Organisations cannot take a short-term approach to managing the volumes of Big Data and hope to realise long-term benefits. There is a clear need to take a far more intelligent approach to how, where and what data is stored. Is it really practical to take a backup of an entire file server simply because some of the documents need to be retained for several years to meet compliance requirements? Or is there a better way that extracts the relevant information and stores that in a cheaper location, such as the cloud?
To retain information and avoid a cataclysmic explosion in data volumes, organisations need to take a far more strategic approach to data archive and backup. What information must be kept on expensive local storage and what can be sent to the cloud or another location? And what policies will be put in place to take data ownership away from end user control? By taking a strategic approach to archiving data, based on the property of each data object, organisations avoid the problems caused by end users applying their own ‘retain everything’ policies.
By deleting the local data source and moving it to a virtual data repository, an organisation avoids duplication and inconsistency while still ensuring information can be retrieved in a timely and simple fashion. Policy driven rules for data retention can be based on criteria such as file name, type user, keyword, tagging or Exchange classifications, while tiering can be applied based on content rules to any target, including tape or cloud.
This intelligent retention model needs to be backed up by effective data retrieval. Key to this process is context indexing that enables end users to apply simple key word search to access any data. Organisations have the option to context index either live data or secondary data, in backup or archive. In both cases, rather than context index the entire data resource, by applying the right filters and policies organisations can also prioritise the most valuable and frequently accessed sources. Context indexing critical corporate data in this way ensures the business always has the option to rapidly access and retrieve information.
Combining intelligent storage policies with content indexing reduces data volumes, enables organisations to use the most appropriate storage media for each data object and facilitates rapid access to business critical information.

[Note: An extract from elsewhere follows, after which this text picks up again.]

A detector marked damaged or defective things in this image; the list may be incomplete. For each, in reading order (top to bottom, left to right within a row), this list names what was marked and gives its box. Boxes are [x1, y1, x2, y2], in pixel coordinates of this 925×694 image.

It will be demands from individuals to explore and exploit Big Data that will put growing pressure on IT to deliver more than additional storage resources. What happens when it takes the CEO more than 15 minutes to find and access an essential document? Or when the legal team cannot retrieve vital information to prove compliance? Or when the brand manager cannot exploit expensive retailer data and analytics investment to understand customer behaviour?
The key to transforming Big Data into ‘Big Intelligence’ is content and context. By managing Big Data retention, and storage based on content and its inherent value to the business, organisations will be well placed to harness this data not only to address immediate problems, but also to improve strategic insight. From predicting demand for new products and services to transforming the speed with which every end user can retrieve corporate documents, it is those organisations that consider retention strategies from day one that will be best placed to realise the Big Data vision.